You’ve completed four years of intense study and obtained a Masters’ degree, followed by a year of on the job training and a registration exam. Finally, at long last you’re a registered pharmacist - CONGRATULATIONS. But do you fully appreciate the career options available to you as a registered pharmacist? In this short blog post, I’ll write about three areas where pharmacists enjoy a sort of professional monopoly/oligopoly. My aim is to get you thinking about alternative career paths.
Do you have friends with degrees in science such as chemistry, pharmacology, biology, biomedical science, e.tc? For many of these degree holders, they don’t simply waltz into a set job that’s only reserved for members of their profession. Pharmacists on the other hand have a unique advantage: we finish our degrees and even though it’s not quite a waltz to land a pre-reg place, at least we are only competing with other MPharm degree holders and not other degree holders. We enjoy a sort of monopoly, which is fantastic for us but sometimes it makes us think about our future careers in a constrained way. Having worked in both community pharmacy and hospital pharmacy, I believe they are great career options, however there are other areas where pharmacists enjoy a kind of professional monopoly/oligopoly
Primary Care Pharmacists
By this I mean roles such as prescribing adviser, medicines management pharmacist, clinical commissioning pharmacist, practice pharmacist, primary care network clinical pharmacists e.tc. https://www.rpharms.com/resources/careers-information/career-options-in-pharmacy/primary-care-pharmacy We as pharmacists enjoy a monopoly in this area in the sense that being a registered pharmacist is a pre-requisite for these roles. It is not within the remit of this blog post to describe each of these roles as that’s a lot of ground to cover. Suffice to say that there’s a lot of information available just by googling.
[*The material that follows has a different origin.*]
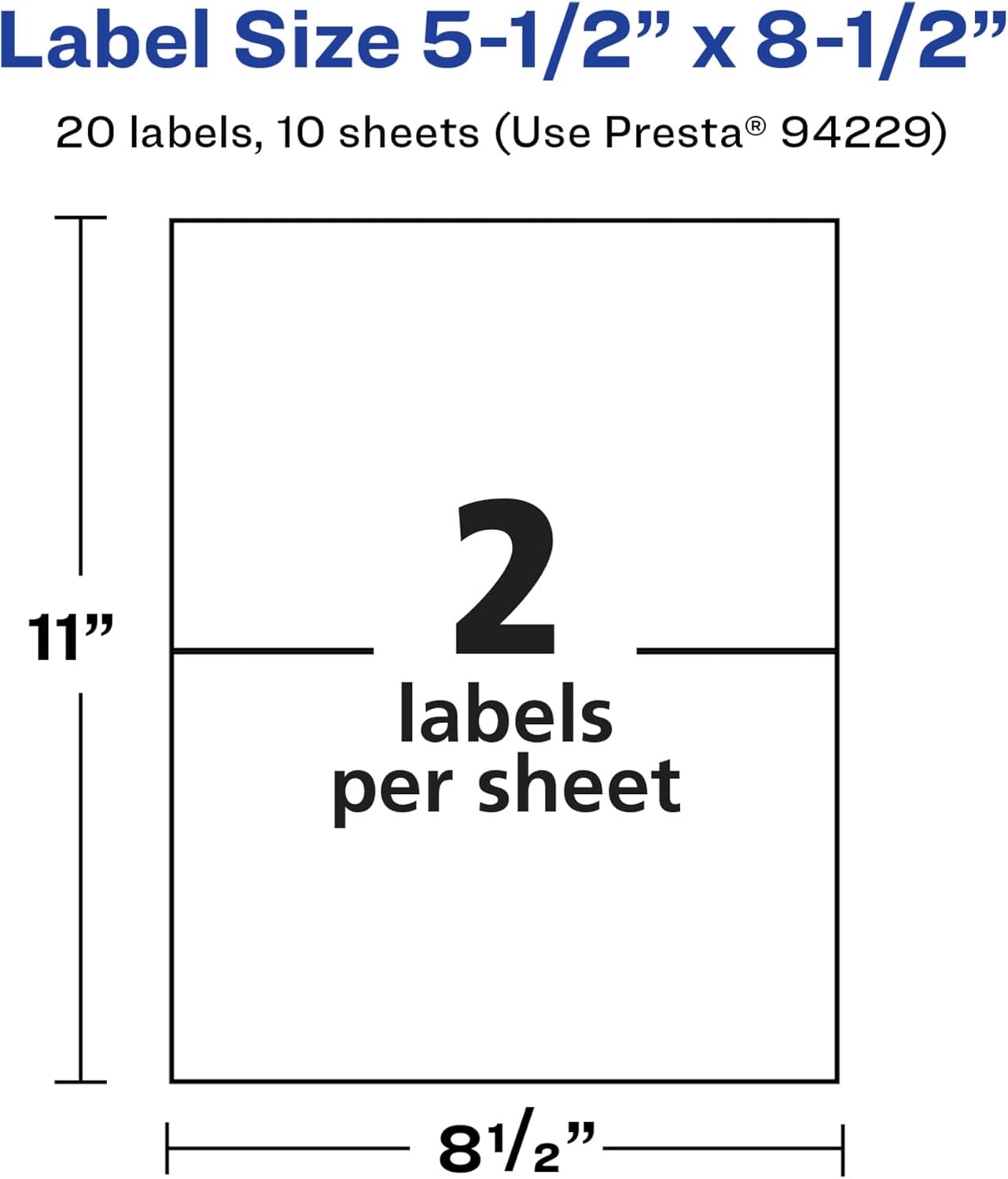 AVERY Glossy White Rectangle Labels, 5.5" x 8.5", Permanent Adhesive, Laser/Inkjet Printable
Pharmaceutical companies churn out lots of material, which all need to be compliant with the ABPI Code. Certain materials and activities require approval through certification and guess what two professions have a ‘monopoly’ on this. Yep, you guessed it – only a registered medical Dr or a pharmacist registered in the UK. This wasn’t always the case by the way: not so long ago it was only medical Drs who could certify. Please start by reading this https://www.pmcpa.org.uk/guidance-and-qas/guidance/certification-and-examination-including-nominated-signatories/ if interested. Contract rates for final signatories can be as much as £500 a day and then when combined with other duties such as Medical Adviser – contract rates can be as much as £1000 a day with the right level of experience.
Qualified Person (QP)
Pharmacists are one of very few scientists that are eligible to take on this role. Does the word ‘oligopoly’ ring a bell anyone? It gets better though: pharmacists have one year less of training compared to the other scientists that are allowed to be QPs. https://www.rpharms.com/development/education-training/training/qualified-persons-a-guide Contract rates for QPs can be anywhere from £600 to £1300 a day with the right level of experience.
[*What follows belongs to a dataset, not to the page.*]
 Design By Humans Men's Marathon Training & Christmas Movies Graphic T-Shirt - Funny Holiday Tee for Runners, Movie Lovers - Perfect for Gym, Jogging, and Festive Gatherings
I’ve highlighted three areas where pharmacists enjoy a sort of professional monopoly/oligopoly and the aim is to get you thinking about other interesting career options. I recognise that it can seem quite daunting to try to transition to these roles, but I’ll invite you to reflect with me. Think back to when you first decided to become a pharmacist. If you were anything like me, it seemed like such a long journey ahead. First you had to get good A-level grades, then get through university, then the pre-reg year, then the pre-reg exam. Yet you believed you were going to make it and took the first step. You know what they say: A Journey Of A Thousand Miles Begins With A Single Step. If interested, I want to encourage you to start that journey today.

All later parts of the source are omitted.